## INFORMATION SUPPLIED
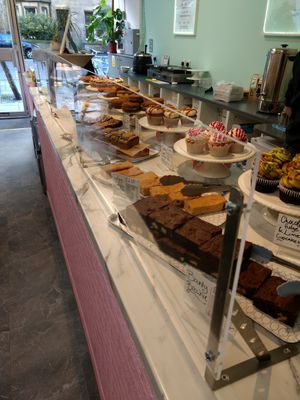 Cake at Sugar Daddy's Bakery in Edinburgh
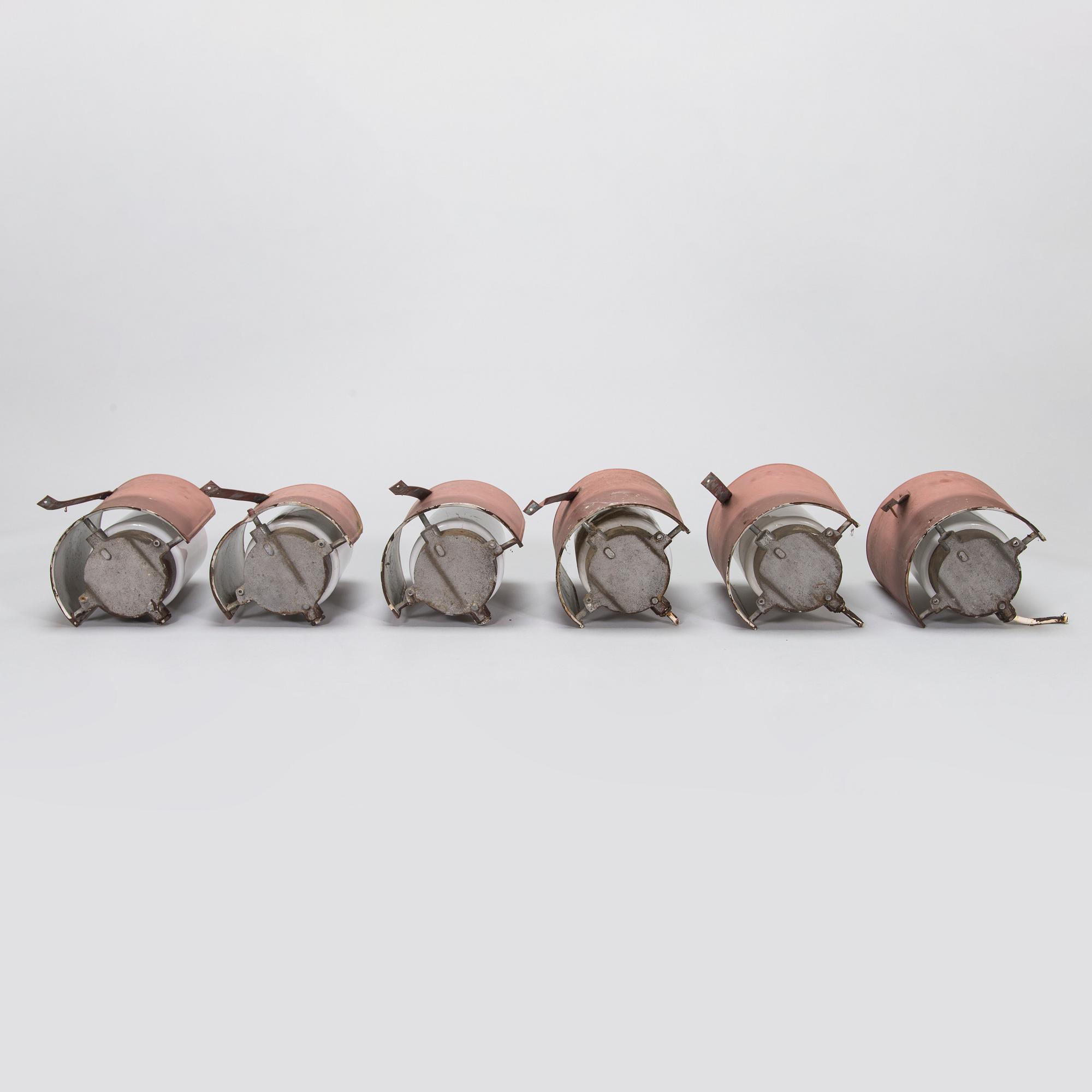 Paavo Tynell, Six mid-20th-century wall lights / outdoor use '7307' for Idman.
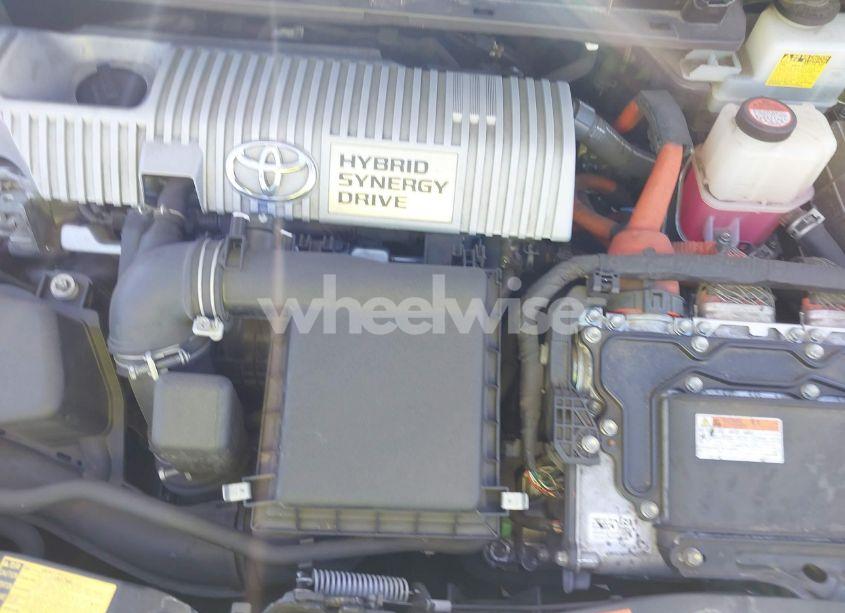 Photo 10 of 2015 Toyota Prius TWO (VIN JTDKN3DU7F1936953)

## EXERCISE DIRECTIONS
Drop the pictures and copy the data exactly.

## EXERCISE OUTPUT
 Cake at Sugar Daddy's Bakery in Edinburgh
 Paavo Tynell, Six mid-20th-century wall lights / outdoor use '7307' for Idman.
 Photo 10 of 2015 Toyota Prius TWO (VIN JTDKN3DU7F1936953)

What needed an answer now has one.